Sweeping away the last remnants of sleep, Barrett pushed to her feet and bent to pick up the offending garment. “A vastly impressive show of temper, Mr. Pagan. And exactly the performance I would expect of a petulant schoolboy.”
“Leave it,
Angrezi,”
Pagan warned darkly. He had been up the whole night, unable to sleep, his wound hot and throbbing. He could recount the exact placement of every stitch and knot—and right now each one of them was screaming.
But even worse was the throbbing at his groin, where his manhood strained in hot, unrelieved arousal. And Pagan knew that every minute spent in Barrett’s presence, every second of grinding contact with her in that damned
howdah
would only make his torment worse.
No, by heaven, he’d not spend another second there, brushing against her, inundated in her scent.
Knowing all the time that he could not have her.
He would walk out like a man or perish by the trail. Either would be a death with honor—and either would be preferable to the hell he was enduring now.

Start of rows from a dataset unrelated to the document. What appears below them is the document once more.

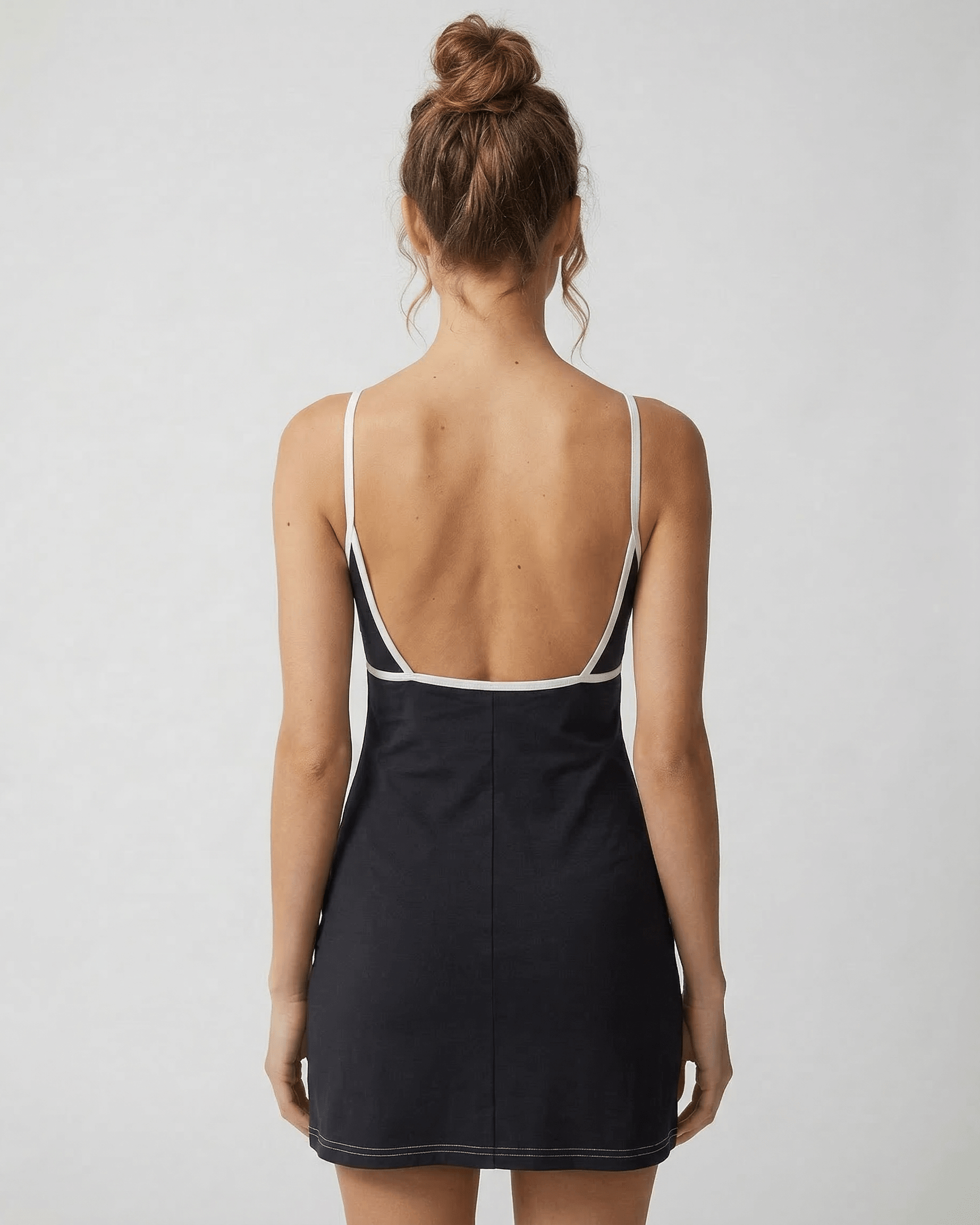 Kola Mini Dress by RAMBLION in black, featuring a V neck and cut-out detail, perfect for stylish occasions.
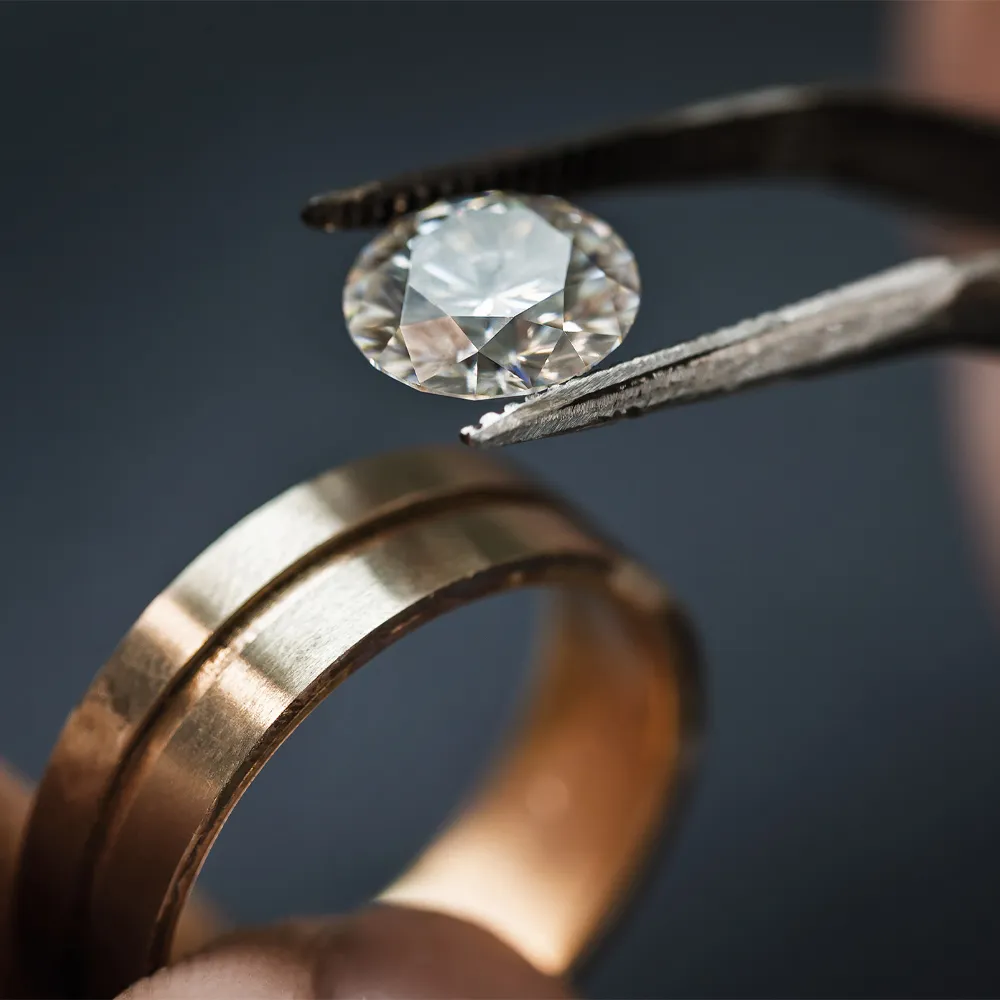 A jeweler using tweezers to hold a diamond above a gold ring, showcasing fine jewelry craftsmanship.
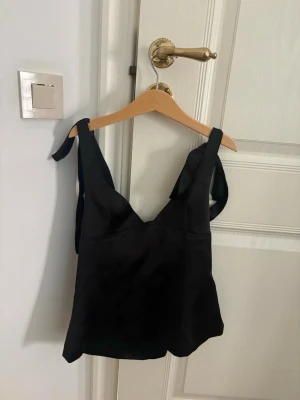 Svart satinlinne med knytband - Stilrent svart linne i satin med breda axelband som knyts upptill. Toppen har en lätt glansig finish och en figurnära passform. Perfekt att styla med jeans eller kjol för en trendig look.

“Don’t—don’t do this, Pagan.” Suddenly there was a note of fear beneath the anger in Barrett’s voice.
In stony silence the planter continued his awkward maneuvering.
“Then tell me why, at least. Why must you push yourself this way?”
At that Pagan let the sleeve fall. When he finally turned, his face was a bronze mask, onyx eyes burning with deep, nameless fires. “Why? Do you really want to know?”
Barrett nodded mutely.
“I’ll tell you why,
Angrezi.
Just look out there. Do you see that glint of silver just beyond the eucalyptus trees?” Bronze and ridged with muscle, his left arm rose, gesturing down the slope. “See it?”
“I—I see it.”
“Go down there right now, and you’ll see a troupe of langur monkeys playing in the shallows. Slightly farther downstream you’ll see the sambhur bucks, poised for a wary dash to the water. Behind them the thickets will be shaking with a thousand kinds of movement, hiding a few poisonous kraits, a sloth bear, and possibly even a leopard or two. In wave after wave they come and go, remorseless and unending while overhead glides the vulture, silent and patient companion, the black shadow who feeds on each one. For that is the way of the jungle,
Angrezi:
flesh feeding on flesh, life given and crushed out in an instant. One moment of carelessness—that’s all it takes, remember that. Remember, too, that here there’s no room for error or sympathy. In this green, teeming world only the very strong or the very cunning survive, and they do that by feeding off whatever creature is struggling to survive beside them. The jungle is faceless and entirely without mercy, Cinnamon; anyone who survives it must be just the same.”